Is there anything else you would like to emphasise?
Technological advances have led to a change in biological research, transitioning from a lab-based approach to an increasingly collaborative team science effort. This process will be greatly accelerated through AI. Biology research will be even more diverse and global, which is why an organisation such as EMBL, which is so deeply ingrained in the European science community, will be a crucial component of the scientific ecosystem.
By harnessing AI further, we will be able to accelerate scientific understanding and knowledge. This is crucial especially in areas relevant to human and planetary health which we specifically address in EMBL’s current research programme. We are thinking about molecular biology across scales and in the context of life, from molecules to ecosystems. As usual at EMBL, the data we obtain in our interdisciplinary research are being curated and openly shared with the global scientific community for further research.
EMBL is already playing a vital role in building major pillars that this AI transformation requires, from coordinating large biological datasets to making AI models and outputs available for the world. And ultimately, it is wonderfully positioned to connect communities in order to identify the most important biological questions that are ready to be tackled using AI.
What is artificial intelligence and machine learning?

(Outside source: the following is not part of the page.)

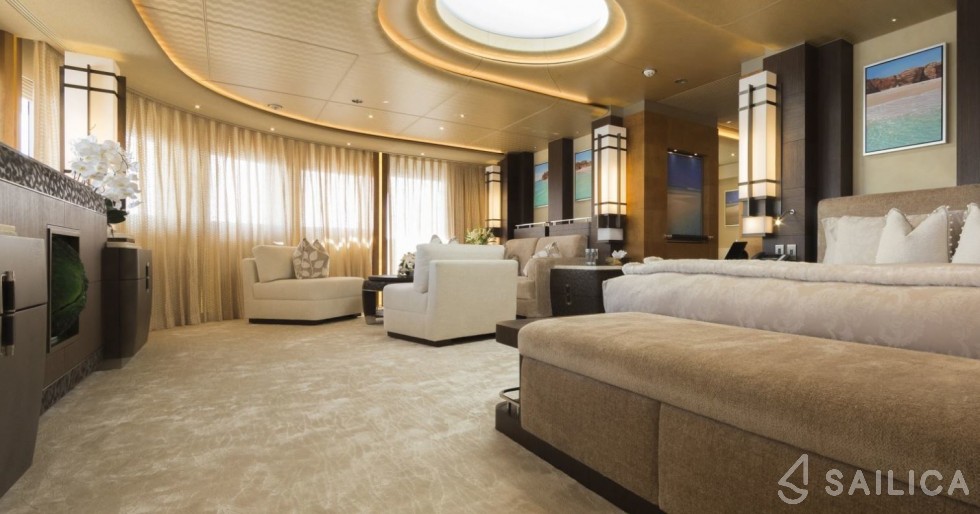 Oceanco 89 - Yacht Charter Sailica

Artificial intelligence (AI) refers to a broad class of algorithms that have the ability to perform tasks that normally require human intelligence. These tasks range from speech recognition to natural language processing and data analysis.
Machine Learning (ML) is a subfield of AI where algorithms have the ability to learn and improve from experience without being explicitly programmed. This is similar to infants who improve at a task, such as crawling or speaking, by repeatedly doing it and collecting new information. ML algorithms require large amounts of data and then use statistical methods to make predictions and improve their performance. Ultimately, the algorithm’s goal is to successfully interpret data that it has never seen before.
In the life sciences, machine learning or AI-based methods are essentially trying to assemble or identify patterns in complex datasets that are predictive or informative. At the core, one primary objective when deploying these approaches is to gain further insights into the processes of life.